The Ukrainian government halted the integration process with the European Union last Thursday. Ukrainian President Viktor Yanukovych will not travel as planned to Vilnius this week to sign the Association Agreement. That decision has caused a heated debate among Ukrainian politicians and their electorates. The tens of thousands of people who turned out in Kiev's central square to protest the decision represent the first sign of widespread discontent.
But I am not losing a lot of sleep over Ukraine's fate. Of course, I rooted for their football team during the recent play-offs with France, but in the end it is their choice which path to take, just as it is their decision whom they elect as president.
What really interests me is Russia's fate, and I believe that Kiev's decision to halt integration with Europe will have negative consequences for Russia. There are two simple reasons for this. First, if Ukraine became an associate member of the EU, Russia — a country that shares a huge common border, a common history in many areas and strong economic ties with Ukraine — would effectively grow closer to Europe as well. Second, Russia's geographic proximity to the developed countries of Europe is a key factor behind its economic development.
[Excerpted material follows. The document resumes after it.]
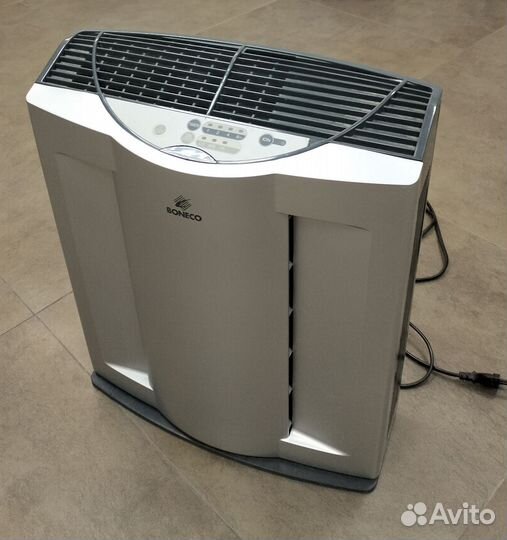 Очиститель воздуха Boneco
Russia would benefit even more if the EU removed trade barriers for Ukraine. Political theorists might see advantages in a Customs Union with Belarus and Kazakhstan, but only the more intensive trade with Western Europe can support real economic development in the long term.
Russia's economy has developed over the past 20 years to a large extent because it developed closer ties with its more economically developed neighbors. Although the former Soviet republics have integrated very little with Western Europe over the past 20 years, the rate of their convergence has largely been a function of how closely they have been connected with neighboring states.
In a report that he presented at the International Institute for Applied Systems Analysis conference in 2012, UCLA political science professor Daniel Treisman showed that a country's progress depends on exactly which other countries it borders. If developed economies tend to improve the prosperity of their neighbors, this means that by closing the doors on Ukraine's integration with Europe, Russia has inadvertently hurt its own chances for progress as well.
Konstantin Sonin, a columnist for Vedomosti, is professor of economics and vice rector at the Higher School of Economics in Moscow.